Why I created this blog:
Watch out folks- here comes the personal story!
For the past year, I have been struggling with the newness of diagnosed depression and anxiety. I am currently seeing a psychiatrist and she keeps telling me to, "Live in the moment." As simple as this sounds, it something that I struggle with all the time. I currently have five jobs that are somehow related to child-care and while I love and enjoy each and every one of those jobs, they're constantly making me think ahead.

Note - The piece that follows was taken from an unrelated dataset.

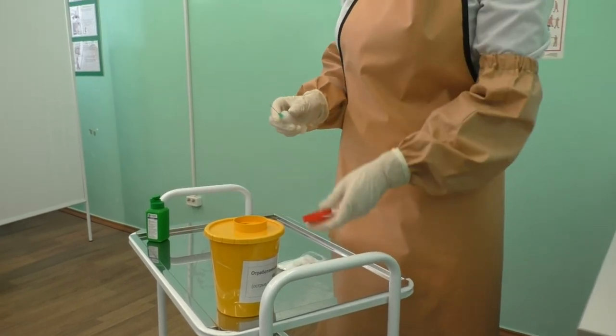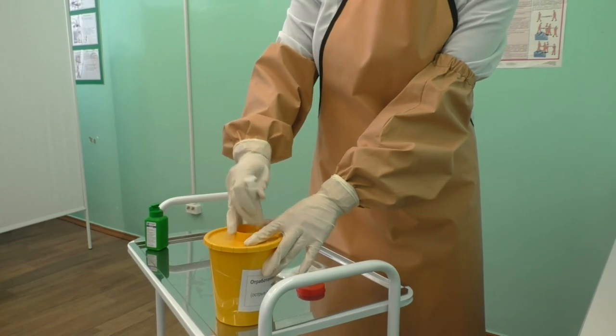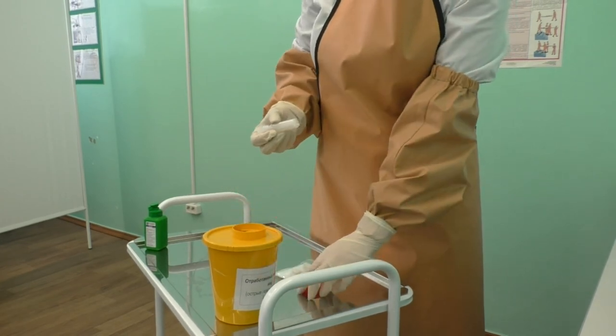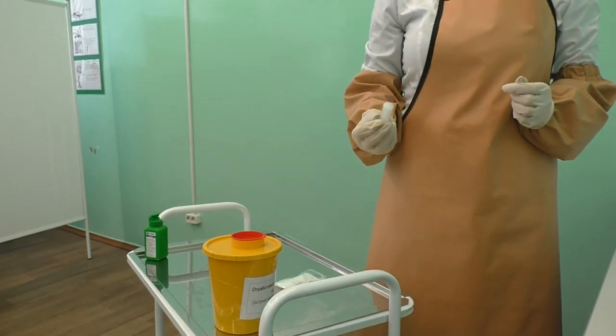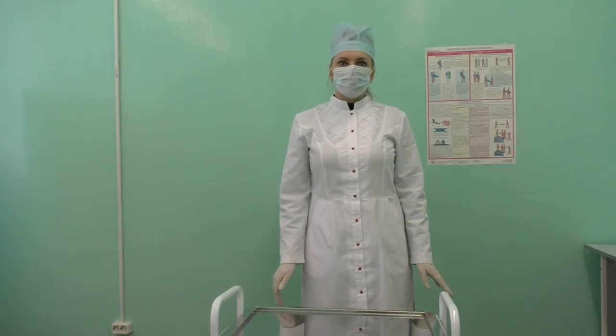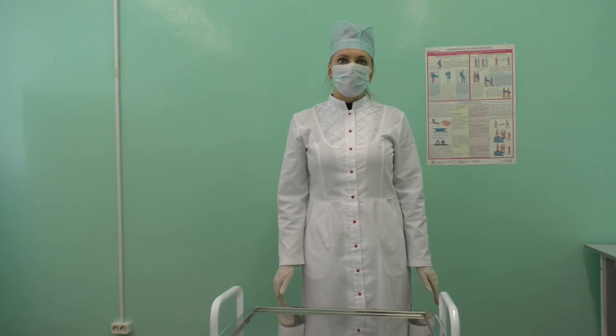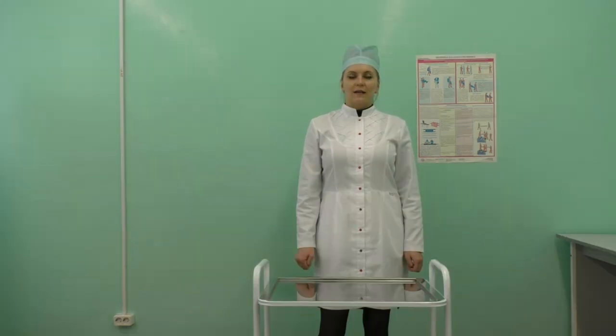Put the needle in the container for contaminated waste. Packaging paper will be placed in the container for non-hazardous waste. Put the syringe and cotton balls into the waste container for contaminated waste. Clean the apron, sleeves, and face shield with disinfectant.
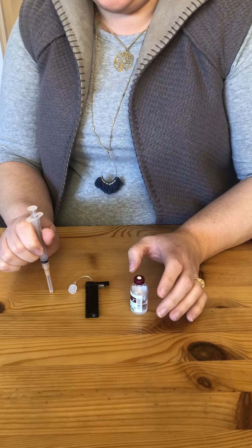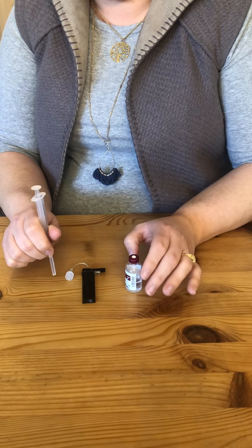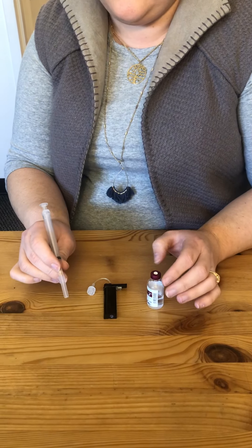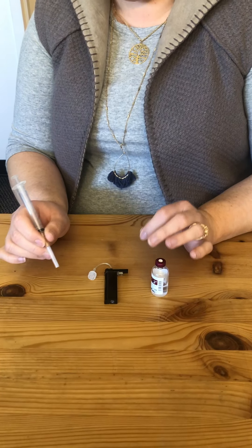One of the most common issues with the tandem pump is the cartridge refill procedure. It's definitely the place where there's the most room for error and we get a lot of questions — a lot of people are doing it wrong and having problems. So I wanted to show you the easy way to do it, the fast way to do it. The way I do mine doesn't exactly match the tandem video.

For example, while I should be paying attention in class, I often find myself thinking about art projects for my School-Agers to do when they get to the daycare after school. Because I am human, and I am weak and stubborn, I cannot give up any of these jobs so lately my assignment from the therapist has been simply to, "Live in the moment." I'm not sure how long this blog will last, but it doesn't matter because for the past fifteen minutes, I've been living in this moment, and this moment only. Success, welcome back old friend.